A Lens Studio component to let the user locate points on the floor in Spectacles

10 minute read

If you’ve tried my prize-winning app HoloATC for Snap Spectacles, you may have seen this component used for placing the map center on the ground. It basically tracks your head, suggesting you look at the floor. If you do so, a flat square appears on the floor, rotated towards you, with text telling you to pinch to select a location. Then the map of the chosen airport appears, with the chosen location as center, and the app continues to show air traffic.

There is a component in the Snap Package Manager that does more or less that, but of course, mine is better 😁. Just kidding - but I needed something that separated the actual acquiring of the location from what is actually done with that location.

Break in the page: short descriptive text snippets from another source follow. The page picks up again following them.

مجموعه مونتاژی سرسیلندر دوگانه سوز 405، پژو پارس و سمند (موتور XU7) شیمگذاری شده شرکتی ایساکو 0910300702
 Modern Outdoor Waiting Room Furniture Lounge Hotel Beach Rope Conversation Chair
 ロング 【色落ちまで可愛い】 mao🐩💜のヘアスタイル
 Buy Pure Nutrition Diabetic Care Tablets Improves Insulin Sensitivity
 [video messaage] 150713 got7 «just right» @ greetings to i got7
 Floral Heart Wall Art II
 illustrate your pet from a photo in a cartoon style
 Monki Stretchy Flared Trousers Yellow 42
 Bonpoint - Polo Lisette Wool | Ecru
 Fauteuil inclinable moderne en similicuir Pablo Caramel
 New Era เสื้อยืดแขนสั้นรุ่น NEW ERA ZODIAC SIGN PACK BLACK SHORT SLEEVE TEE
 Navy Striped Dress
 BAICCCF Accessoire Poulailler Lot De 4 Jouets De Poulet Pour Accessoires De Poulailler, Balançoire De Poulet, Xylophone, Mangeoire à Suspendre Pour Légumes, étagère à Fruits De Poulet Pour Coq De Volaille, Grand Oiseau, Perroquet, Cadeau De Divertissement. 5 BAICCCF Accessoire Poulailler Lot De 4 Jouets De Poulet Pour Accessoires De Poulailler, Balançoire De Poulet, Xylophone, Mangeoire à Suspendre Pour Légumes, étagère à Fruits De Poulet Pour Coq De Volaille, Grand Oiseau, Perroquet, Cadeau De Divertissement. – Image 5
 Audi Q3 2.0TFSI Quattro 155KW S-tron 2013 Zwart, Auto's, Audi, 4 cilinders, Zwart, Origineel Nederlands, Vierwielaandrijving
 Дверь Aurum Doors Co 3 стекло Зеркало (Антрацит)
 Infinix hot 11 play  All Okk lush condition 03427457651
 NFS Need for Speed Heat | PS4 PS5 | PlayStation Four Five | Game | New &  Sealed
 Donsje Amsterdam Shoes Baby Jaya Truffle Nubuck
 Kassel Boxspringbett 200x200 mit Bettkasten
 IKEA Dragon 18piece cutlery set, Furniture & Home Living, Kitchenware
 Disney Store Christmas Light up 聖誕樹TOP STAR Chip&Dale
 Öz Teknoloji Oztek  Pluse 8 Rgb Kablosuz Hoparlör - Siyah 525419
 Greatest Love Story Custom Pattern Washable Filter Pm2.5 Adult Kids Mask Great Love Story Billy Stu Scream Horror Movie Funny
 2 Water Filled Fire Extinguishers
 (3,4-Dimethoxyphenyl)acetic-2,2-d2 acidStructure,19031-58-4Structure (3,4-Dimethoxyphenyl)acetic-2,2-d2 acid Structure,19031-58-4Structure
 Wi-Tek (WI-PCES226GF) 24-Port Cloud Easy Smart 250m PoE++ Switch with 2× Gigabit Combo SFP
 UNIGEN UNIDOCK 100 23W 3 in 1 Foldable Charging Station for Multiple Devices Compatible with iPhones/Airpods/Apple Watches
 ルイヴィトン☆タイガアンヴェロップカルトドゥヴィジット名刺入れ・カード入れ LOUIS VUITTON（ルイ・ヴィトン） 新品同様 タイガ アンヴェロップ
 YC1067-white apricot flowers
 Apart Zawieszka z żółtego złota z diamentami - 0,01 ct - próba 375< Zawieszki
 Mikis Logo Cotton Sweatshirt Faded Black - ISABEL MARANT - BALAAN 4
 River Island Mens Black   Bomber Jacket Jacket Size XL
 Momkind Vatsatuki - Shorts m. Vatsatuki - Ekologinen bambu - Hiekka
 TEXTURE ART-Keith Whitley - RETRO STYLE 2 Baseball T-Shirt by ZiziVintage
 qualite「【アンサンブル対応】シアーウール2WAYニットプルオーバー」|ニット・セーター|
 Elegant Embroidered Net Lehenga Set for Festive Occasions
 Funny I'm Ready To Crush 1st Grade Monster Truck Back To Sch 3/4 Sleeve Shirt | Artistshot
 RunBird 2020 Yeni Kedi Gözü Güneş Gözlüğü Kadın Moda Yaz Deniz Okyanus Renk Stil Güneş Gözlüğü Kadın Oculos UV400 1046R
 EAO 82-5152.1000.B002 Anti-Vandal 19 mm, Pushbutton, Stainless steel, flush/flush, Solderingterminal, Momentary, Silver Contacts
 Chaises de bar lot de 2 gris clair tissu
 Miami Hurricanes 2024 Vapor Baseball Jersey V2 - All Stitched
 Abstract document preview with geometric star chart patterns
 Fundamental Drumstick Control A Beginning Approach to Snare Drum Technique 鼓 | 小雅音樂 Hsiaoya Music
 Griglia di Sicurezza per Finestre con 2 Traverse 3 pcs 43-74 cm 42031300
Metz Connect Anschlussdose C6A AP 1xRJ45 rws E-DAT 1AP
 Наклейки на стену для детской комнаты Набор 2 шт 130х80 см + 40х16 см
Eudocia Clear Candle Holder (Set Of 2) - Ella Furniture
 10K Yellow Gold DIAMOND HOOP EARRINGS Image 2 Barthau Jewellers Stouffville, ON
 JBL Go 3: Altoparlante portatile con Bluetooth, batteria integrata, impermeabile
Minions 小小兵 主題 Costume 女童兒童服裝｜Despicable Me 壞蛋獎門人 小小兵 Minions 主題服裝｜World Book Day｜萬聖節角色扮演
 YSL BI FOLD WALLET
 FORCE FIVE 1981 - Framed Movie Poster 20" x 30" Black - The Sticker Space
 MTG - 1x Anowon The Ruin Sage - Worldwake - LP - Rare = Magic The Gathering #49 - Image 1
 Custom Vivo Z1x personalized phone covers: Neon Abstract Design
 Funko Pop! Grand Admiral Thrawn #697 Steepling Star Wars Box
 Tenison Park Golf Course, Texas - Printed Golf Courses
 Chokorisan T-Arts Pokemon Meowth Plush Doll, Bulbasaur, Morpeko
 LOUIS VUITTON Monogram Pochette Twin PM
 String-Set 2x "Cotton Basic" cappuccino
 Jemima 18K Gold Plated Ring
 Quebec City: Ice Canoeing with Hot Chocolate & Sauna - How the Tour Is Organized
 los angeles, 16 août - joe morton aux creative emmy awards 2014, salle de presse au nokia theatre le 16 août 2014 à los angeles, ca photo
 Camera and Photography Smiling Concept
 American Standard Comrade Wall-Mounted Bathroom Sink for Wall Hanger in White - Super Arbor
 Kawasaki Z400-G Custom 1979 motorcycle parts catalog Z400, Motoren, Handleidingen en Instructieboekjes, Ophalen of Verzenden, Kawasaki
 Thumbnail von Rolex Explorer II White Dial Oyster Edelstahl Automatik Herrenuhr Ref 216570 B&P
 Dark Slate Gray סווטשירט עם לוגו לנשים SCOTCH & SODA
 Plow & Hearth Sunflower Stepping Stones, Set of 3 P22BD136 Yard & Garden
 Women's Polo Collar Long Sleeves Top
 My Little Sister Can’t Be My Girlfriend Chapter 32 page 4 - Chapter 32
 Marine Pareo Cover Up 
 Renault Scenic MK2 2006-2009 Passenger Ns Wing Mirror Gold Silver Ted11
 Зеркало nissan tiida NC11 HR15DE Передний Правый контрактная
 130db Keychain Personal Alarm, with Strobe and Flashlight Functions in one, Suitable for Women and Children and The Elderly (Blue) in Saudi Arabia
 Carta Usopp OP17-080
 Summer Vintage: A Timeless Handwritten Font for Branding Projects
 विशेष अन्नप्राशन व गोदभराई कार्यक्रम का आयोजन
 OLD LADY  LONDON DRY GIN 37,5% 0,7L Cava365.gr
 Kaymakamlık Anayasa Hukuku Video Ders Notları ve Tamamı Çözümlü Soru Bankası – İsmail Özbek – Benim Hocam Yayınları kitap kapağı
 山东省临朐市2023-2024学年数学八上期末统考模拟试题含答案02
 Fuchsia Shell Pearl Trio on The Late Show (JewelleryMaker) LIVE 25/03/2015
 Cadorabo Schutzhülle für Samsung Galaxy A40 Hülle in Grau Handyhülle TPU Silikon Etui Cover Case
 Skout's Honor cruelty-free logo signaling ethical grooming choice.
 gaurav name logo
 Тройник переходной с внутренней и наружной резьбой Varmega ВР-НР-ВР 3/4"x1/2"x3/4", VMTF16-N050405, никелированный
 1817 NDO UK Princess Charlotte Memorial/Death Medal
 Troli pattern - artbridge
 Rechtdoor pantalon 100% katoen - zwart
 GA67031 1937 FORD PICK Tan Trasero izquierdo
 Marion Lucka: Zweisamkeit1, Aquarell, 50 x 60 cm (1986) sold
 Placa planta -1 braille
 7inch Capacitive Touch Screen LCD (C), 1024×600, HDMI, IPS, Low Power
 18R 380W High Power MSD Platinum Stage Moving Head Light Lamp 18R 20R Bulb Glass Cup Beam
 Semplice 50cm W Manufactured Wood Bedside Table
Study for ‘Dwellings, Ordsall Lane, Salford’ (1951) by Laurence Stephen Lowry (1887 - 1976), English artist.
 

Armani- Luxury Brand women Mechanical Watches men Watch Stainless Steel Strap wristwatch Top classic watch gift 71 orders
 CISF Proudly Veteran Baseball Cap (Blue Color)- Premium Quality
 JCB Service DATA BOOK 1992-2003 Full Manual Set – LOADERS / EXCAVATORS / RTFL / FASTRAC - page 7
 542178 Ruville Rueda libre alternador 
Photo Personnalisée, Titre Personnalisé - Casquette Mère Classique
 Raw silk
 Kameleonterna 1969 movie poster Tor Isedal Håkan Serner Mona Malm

The sample code, indeed, just spawns an object (a 40 x 40 x 40 cm purple cube), so from a functional perspective, the sample is the same as the Snap samples. However, it lends itself to more architectural approaches, and larger or more complex apps.

Locator

Using my Locator is a four-step process with an optional fifth.

1: Provide a Spatial Map

When placing things on the floor, Spectacles needs to know about a floor. So the first thing you add to your scene is something to create a world mesh, preferably an occluding one, as that is more realistic. I simply nicked the one I made for CubeBouncer.

And yeah, I still use “HologramCollection” as my root, and I still call virtual objects holograms. When you’ve been (mostly) in the HoloLens space for nearly a decade, things tend to stick 😉.

2: Drag the Locator prefab into your scene

Well, that was easy, right?

3: Drag the world mesh provider into the World Mesh field

On top of the Locator prefab, there’s the LocationController script. Drag the Occluded Collider World Mesh from the scene into the World Mesh field in the Locator prefab.

4: Write some code to actually interact with the component

I know, low-code, codeless, and things you can drag-and-drop together are all the rage, but I am a code jockey and I want to use it in a properly architectured application. So there always needs to be some kind of ‘controller’ that actually steers the component. In HoloATC, it only passes the new value back to a State service. In this sample, this controller simply spawns an object.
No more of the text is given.